Interpreting your A/B test
So, are you seeing a winner? Great, but hold your horses for a bit. Let’s look at the common pitfalls of pricing testing experiments, so you know you are on the safe side.
Declaring the winner too early
Seeing an immediate increase in conversion and excitedly declaring it the “right answer” is a common mistake that I’m often inclined to make. I invested a lot into that test and I want to see it succeed. Even if the test has not enough data to be statistically significant but shows promising results, the urge to put it into production is strong, but please wait a little bit. The hard truth is that even if you have very good test hypotheses, the majority of A/B tests fail to yield a better outcome in the real world, as they end up not being statistically significant or perform worse than the control with consideration for impact to LTV.
Declaring the winner based on the wrong metrics
Don’t forget about the bigger-picture success criteria you defined earlier. A new, cheaper variation of a trial offering might win on both conversion rate and new user D-30 revenues, but it may disappoint on user LTV, which means you end up getting much less money in the long run. Similarly, you can win on LTV easily with a hard paywall with trial but end up having fewer users start using the app, which can also mean lower growth.
Again, this is where ensuring that you have quality data comes into play. Lighter A/B price testing tools for mobile apps also have some underlying limitations. Some, like Firebase, create participant IDs based on the device level, not the account level. Although it’s not a problem most of the time, a user who has two devices will be counted as two.
Firebase, Google Analytics, and some other tools also don’t send any trial conversions and renewals while the app is inactive. This means that it will be very precise if you are measuring consumables revenue, but it will be somewhat off (over-measuring) for subscription revenues over a longer period.
RevenueCat solves for this with the in-app purchase SDK and backend that power its Experiments product, providing access to real-time cross-platform event data that’s tied to a unique user ID (regardless of device) even if the app is inactive.
Next steps once your price test is done
Congrats on your successful A/B test! The last consideration is thinking about retesting from time to time.
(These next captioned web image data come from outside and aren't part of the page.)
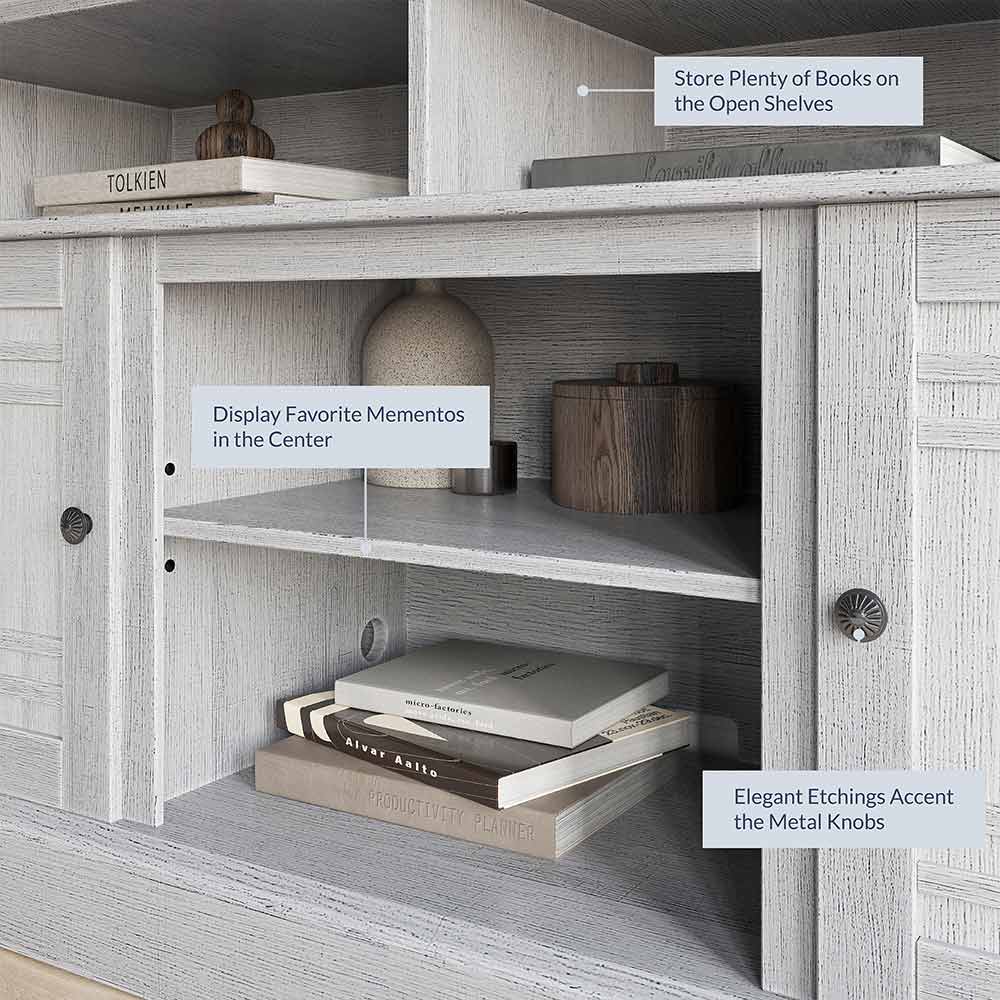 Norrell 48" Wood Grid Door Farmhouse Fireplace TV Stand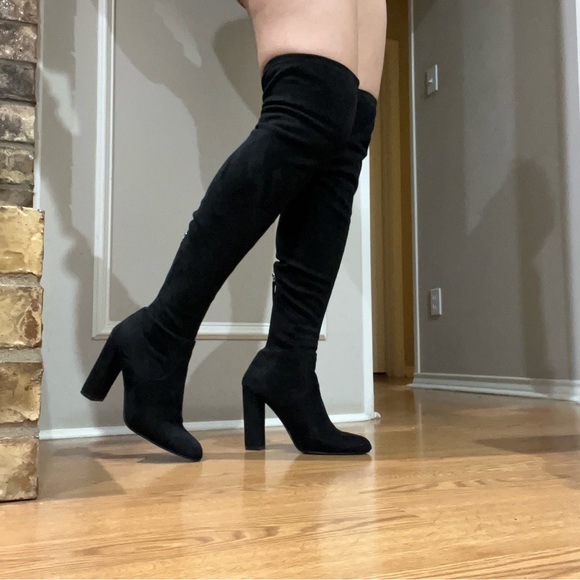 Steve Madden Emotions Black Suede Over-the-Knee Block Heel Boots - Picture 3 of 9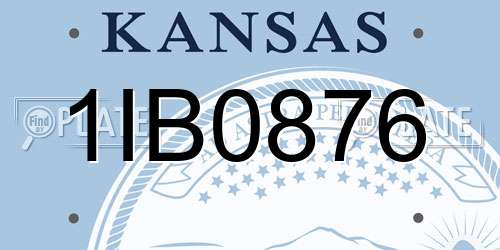 1IB0876 Kansas License Plate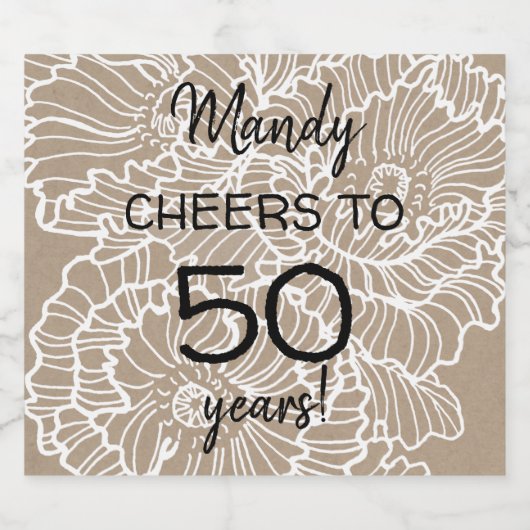 Lineart Blume begehren Geburtstag Bierflaschenetikett (Einzelnes Label)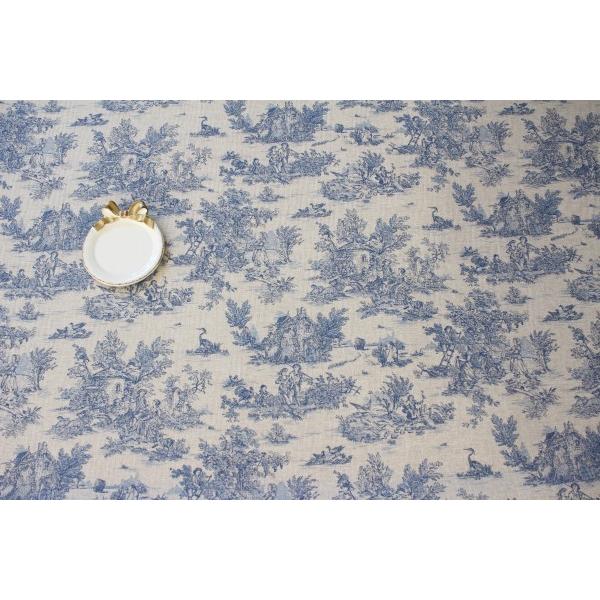 トワルドジュイ 田園 生地 輸入生地 （グレージュ×ブルー160cm幅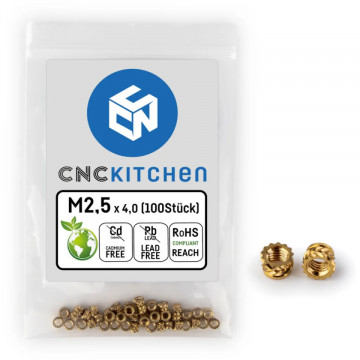 Inserturi filetate CNC Kitchen - M2.5 Standard (M2.5x4.0) - 100 buc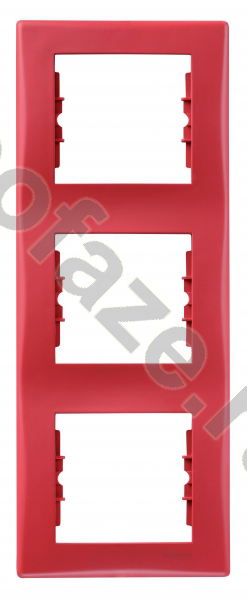 Рамка вертикальная Schneider Electric Sedna 3 поста, красный IP20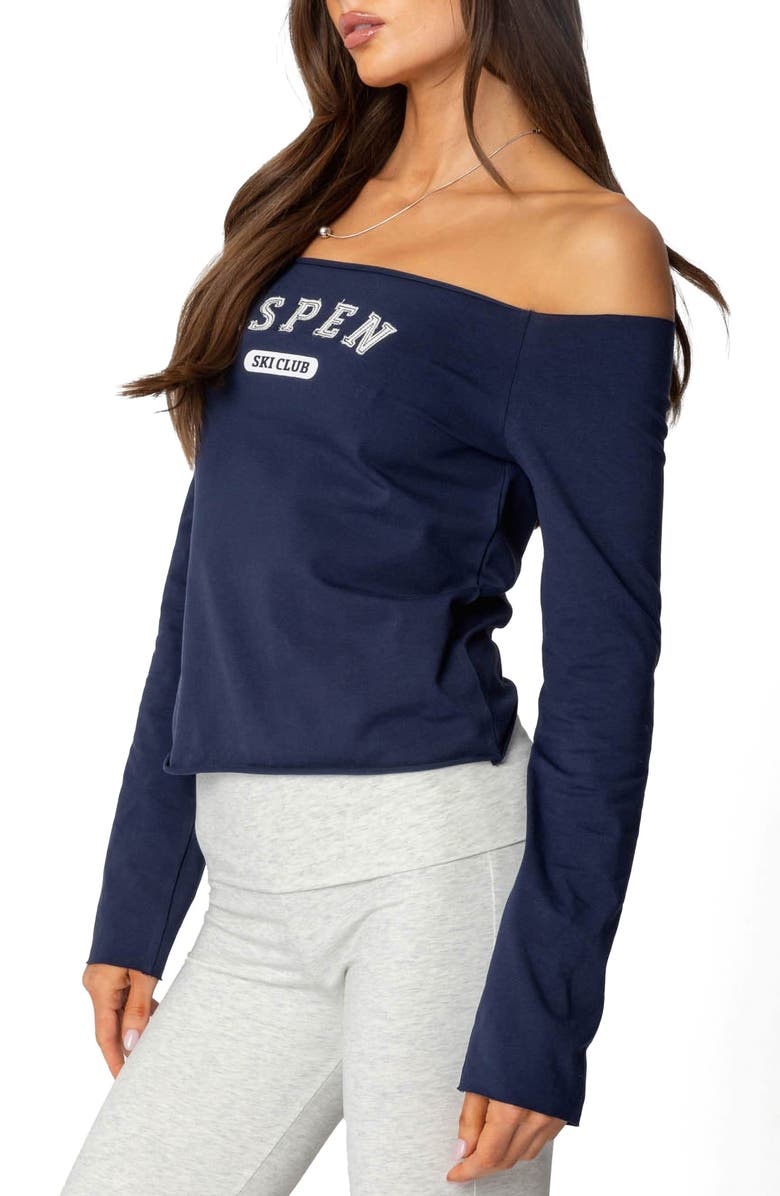 EDIKTED Ski Club Off the Shoulder Top, Alternate, color, Navy
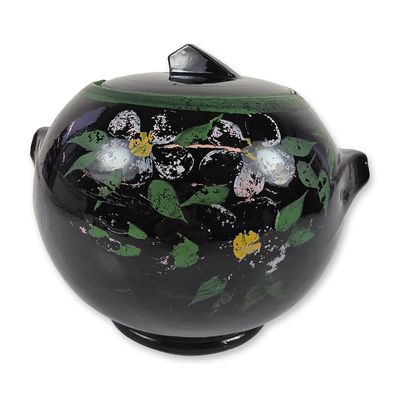 Sale Photo Thumbnail #42: Vintage Hand-Painted Black Floral Pottery Cookie Jar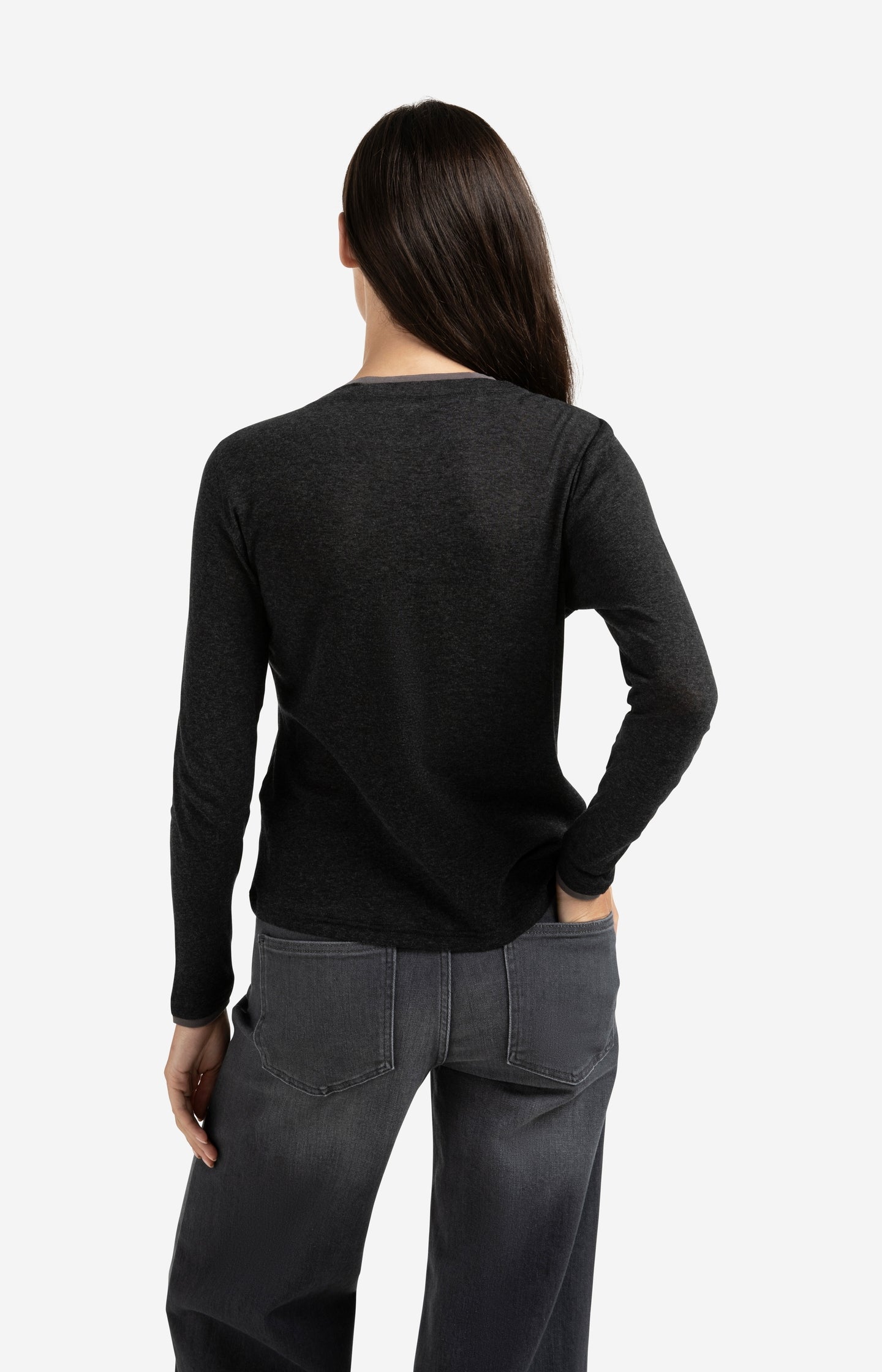 Long sleeve top with suedine trim neckline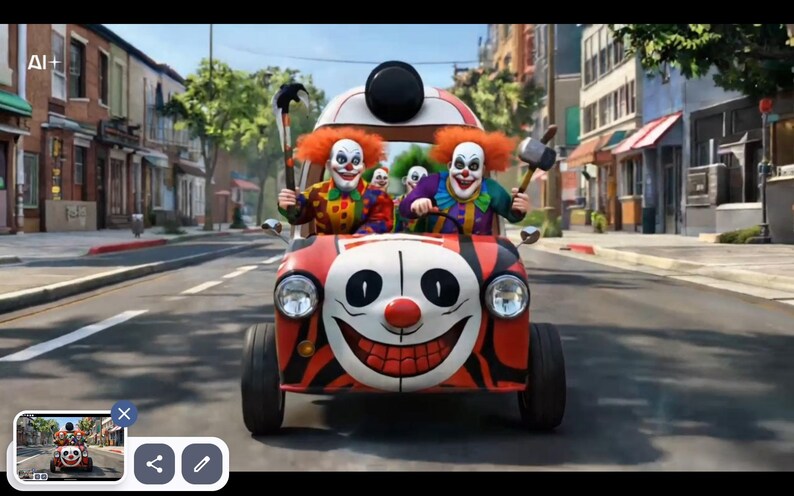 Clownauto 4K-video | Grappige en griezelige animatie (digitale download) afbeelding 2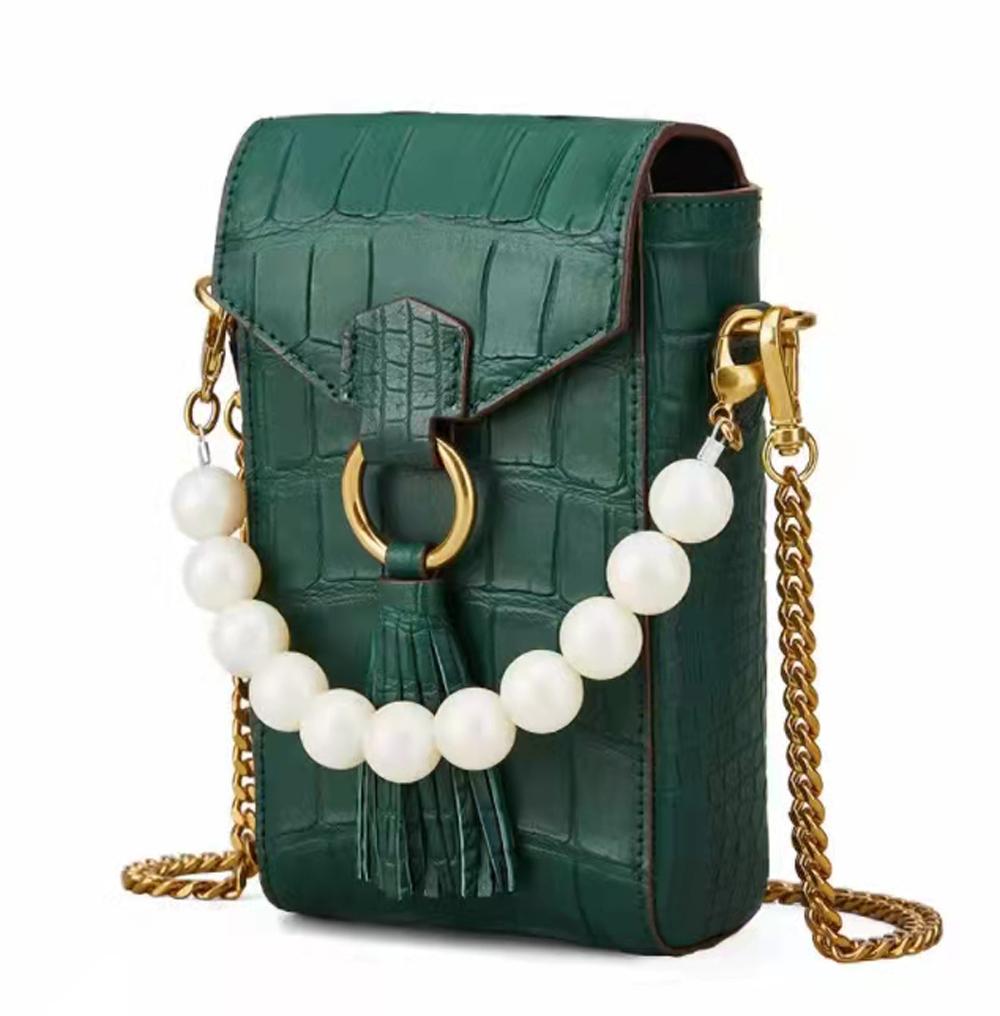 Women Flap Pearl Phone Bag Crossbody Bag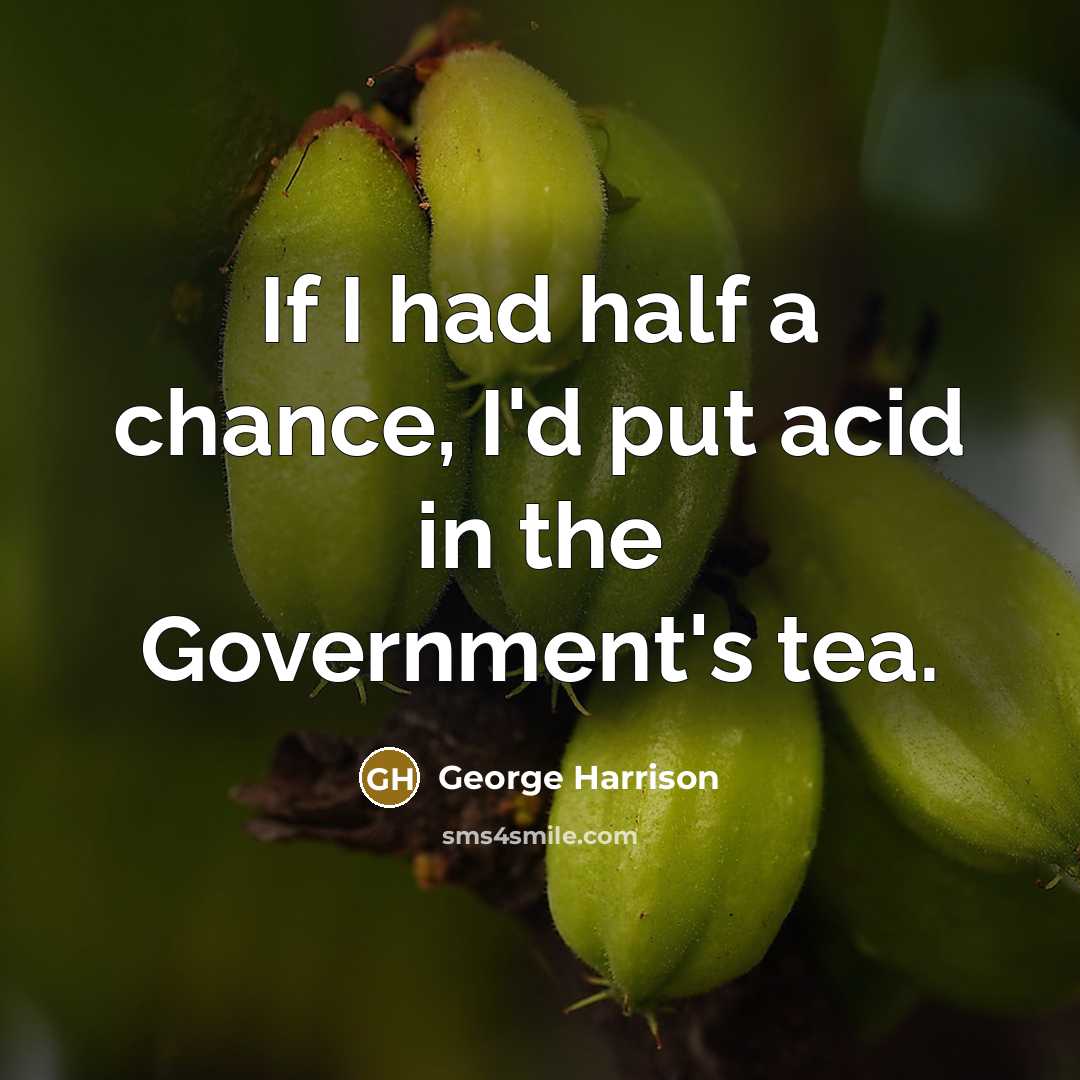 “If I had half a chance, I'd put acid in the Government's tea.” quote by George Harrison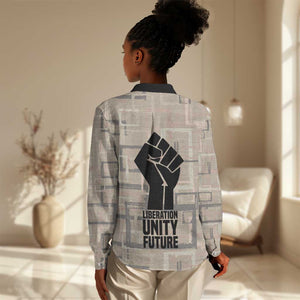 Kwame Nkrumah Women Casual Shirt with Raised Fist Design and Independence Quote Ghana 1957 Tribute - African Pride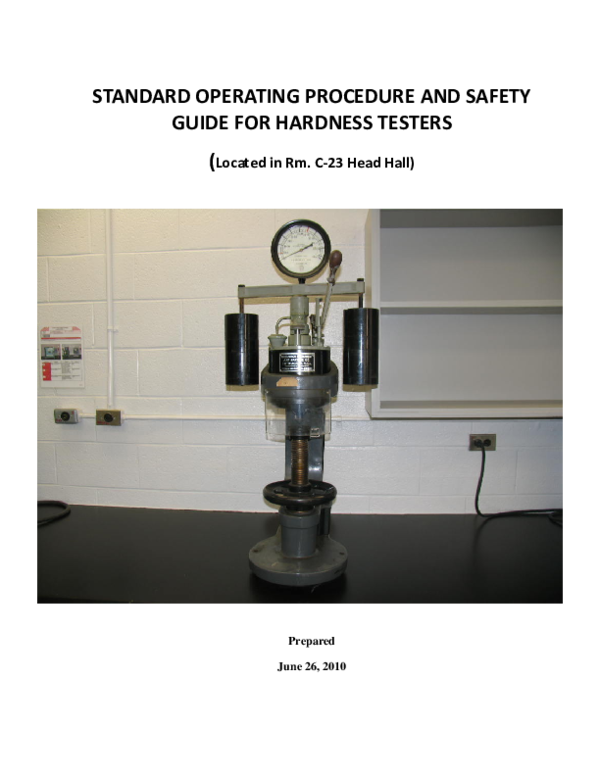 (PDF) STANDARD OPERATING PROCEDURE AND SAFETY GUIDE FOR HARDNESS ...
Even when your test is statistically significant, it doesn’t mean it will be a winner until the end of time. Your users will change; your traffic, product, and competition will change. It’s smart to repeat or iterate your best A/B tests to capture these changes
Segment your results
If you have access to your test data and your sample size is large enough, see how the test may have performed differently among different user segments. For us, it’s typical for older users to pay more, but a lot of our users are aged 18-24. This means that we will always have a group of folks that reacts less positively to any price changes and therefore skews the results toward no statistically significant change.
Monitor your experiments closely
It’s not uncommon for things to go south: You may find out that the test you did a few weeks ago actually wasn’t as successful as you initially thought. When you are looking at dipping charts, it’s good to correlate your charts with the major tests/releases you did.